In the same way, the serpent is still whispering to us – even now, but we have become so accustomed to it that it has become part of our normal every-day inner-dialogue. But it is going to take intentional discipleship to escape this vicious cycle. And making the initial tweak/adjustment isn’t the hardest part. The hardest part of this “secret” is staying on the path over the long-haul once we’ve embarked.
The thing to remember is to never take anything for granted.
John 3:27: “John answered, ‘No one can receive anything except what has been given from heaven.’”
James 1:17: “Every generous act of giving, with every perfect gift, is from above, coming down from the Father of lights, with whom there is no variation or shadow due to change.”
We can’t take anything for granted. Our culture teaches us entitlement, and nothing kills gratitude more than a spirit of entitlement – thinking that we are owed something. You may not have a lot of things, but you still have an eternity of things to give thanks for. Do you have: a roof over your head? Clothes in the closet? Food in your belly? Friends and family? If so – then give thanks to God for that with joy! Give thanks for your eyes, ears, and working limbs…because not everyone has those.

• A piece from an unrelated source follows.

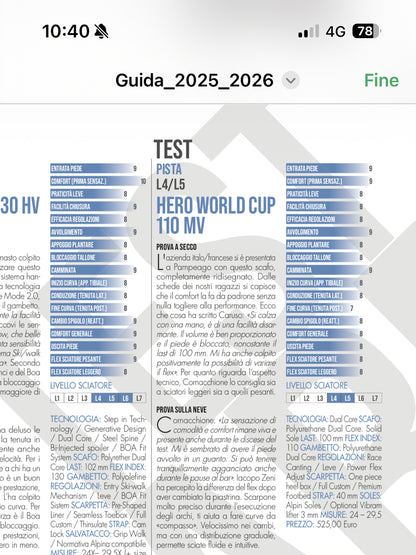 Scarponi Rossignol Hero WC 110mv 2026 tg. 27.5 usati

Greg closed by giving 3 tips and a challenge to keep in mind as we set out to live a life of gratitude.
It takes time to change the neuropathways in our brains, so do whatever it takes to remember to be thankful. Discuss it in your relationships (everything in the Kingdom works better when done in relationship), write yourself post-it notes, and/or set watch timers as reminders for yourself.
- Don’t Just Think It – Say It!
Research shows that saying something out loud deepens that thing and helps reinforce it and make it more concrete.
- Watch Out for Negative Talk
Although there are legitimate contexts for critique and venting to a safe and trusted person, if you find yourself whining, complaining, and gossiping…then (Greg instructed us to) SHUT UP!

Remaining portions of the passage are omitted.